Max, almost 11 months old

Max is grounded in himself,
there is a solidity about him
that you can feel when you hold him,
that you can see when he enters a room
and new people are there,
he anchors himself in his parent’s arms
and looks steadily at each of us,
with both caution and intensity to his gaze:
extraordinarily alert, observant,
















and when we are soft and subtle and fit into his world,
he readily smiles at our “peek-a-boo”s
and is ready to meet us at least halfway--
a sweet-tempered nature to him that easily smiles, easily laughs,
and, when he’s frustrated and crying,
he seems almost apologetic for being so
and ready to move on with a distraction,
with a reordering of his attitude,

we echo the sounds he makes, 
so he notices,
thinks about it,
and repeats the noise or makes a new one,

after awhile we can offer our arms
and he can choose to be picked-up,
and, when he allows it, both of us feel right for a time,

on the floor with him, we’re in his world,
he will softly touch his grandmother’s hand,
and look up to her,
all in a way that tells her
he feels they are connected,

a solidity to his legs replaces 
the artful curved thinness of his first months
when each limb could fold up and tuck into his body,
his legs have differentiated from his arms
and serve as tools to hold and propel him upright and adventuring,
while with his arms he touches and manipulates the objects of his world,

parallel to the development of his legs is a solidity to his personality
as options are exercised and a sureness of self reaches from him,
we watch him explore, test limits, exercise hand and sound
and use his mouth of explore what he can around him,

he finds a pattern of movement and action around the room,
and repeats, and varies it,

this day he finds a corner 
near the door and a “babyproofed” console,
edges himself back into it,
and cackles with glee as he looks out at us,
he ventures forth and quickly returns, 
very pleased with himself,

how wonderful it must be to be so fully in a moment
and to find that moment so joyous.

by Henry H. Walker
November 15-16, ’13

Thursday, November 14, 2013

our screen consciousness



the ephemeral world of the screen

there must be consequences to how we use our mind,
to how and where we focus our attention:

nature and the physical universe draw me
so that I can know the womb out of which we are born,

meditation draws me so that I can ground myself
and be less like the flitting eyes of a paranoid bird,









I wonder what our screens do to us?
those two dimensional worlds which serve as portal
to others, to knowledge, to the realness of the virtual,

our commitment to hardware and software, only temporary,
for our relationships with a computer, a phone, a platform
are abruptly subject to change,
to an itch that certainly can’t make it 7 years,
maybe 7 months before we hope for the new,

I do not even want to wait a few seconds on the computer
for windows to open,

what does it do to us to be so yoked
to the ephemeral world of the screen?

















by Henry H. Walker
November 9, ’13
images courtesy of Google Images

a gift that calls me



to see a person. . .

I do not know. . .
I cannot understand. . .

I can ride a power
over which I have only a touch of control,
and somehow, 
through a gift of vision that can sometimes scare me,
mists can clear
and I can see a person, close to the truth of self,
and I can sometimes find words 
that roughly build toward what I see,

I seem to get a person best
when persona and self are in harmony,
and that beautiful person behind the eyes
allows himself, herself to be seen.


by Henry H. Walker
November 11, ’13

Sunday, November 10, 2013

a pendant reaches across the millennia



a touch of the shaping

as I cross to our outbuilding to put something in?
take something out?
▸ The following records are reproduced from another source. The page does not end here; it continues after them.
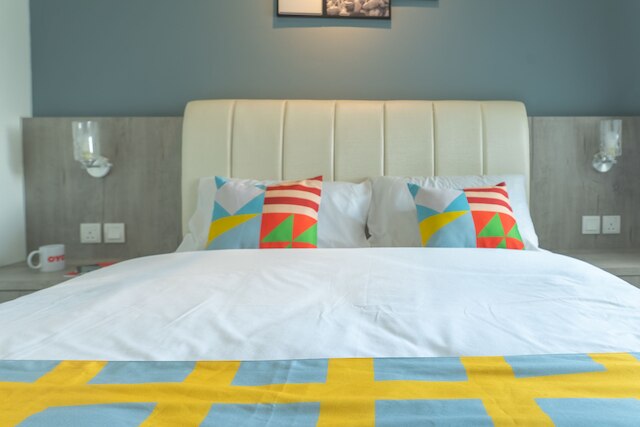 OYO ホーム 1106 プレミアム、ベッドルーム 2 室、1 テブラウ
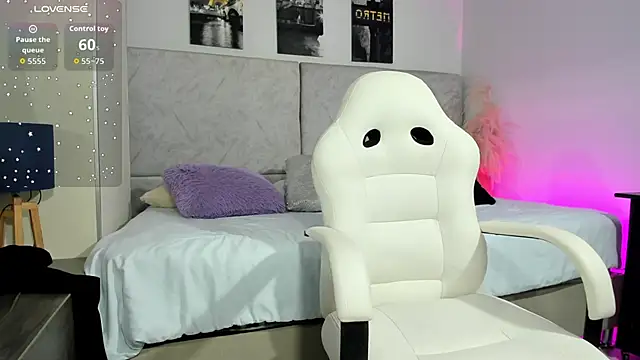 naomiii   online show from 04/25/26, 11:57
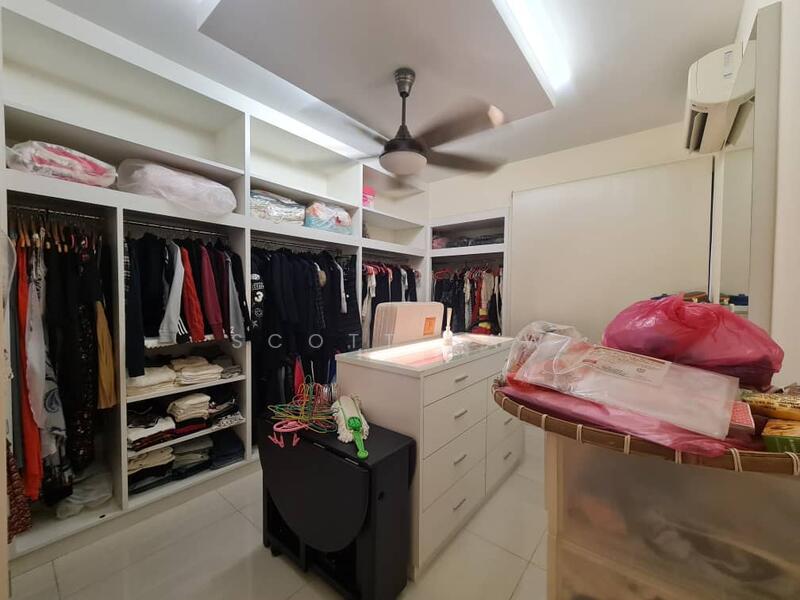 Closet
I can’t remember,
my eye catches a hint of form,
the form echoes a piece of wood 
that swivels around a nail,
a common trick to hold a door closed, 
or release it to open,




I pick it up with mild interest,
I like to appreciate the natural world and its patterns
and to appreciate finding what shapes don’t fit in,
I feel human touch in a path, the placing of rocks,
bits of metal, glass, ceramic on the land,
any fragments of earlier stories
that, like the memories of the Library at Alexandria,
remind us that today was preceded by yesterdays,
each full of purpose and effort
that draw us but which we can touch 
no more than to hold a ghost,

in my hand an artifact reveals itself, 
a gray flat-backed shaped piece of soapstone,
in the basic form of a native spearpoint,
blunted off at the end,
a perfectly formed round hole right in the middle,
a carved indented neck so that leather string can hold it
as it could lie against the bosom to adorn, to protect, to remember?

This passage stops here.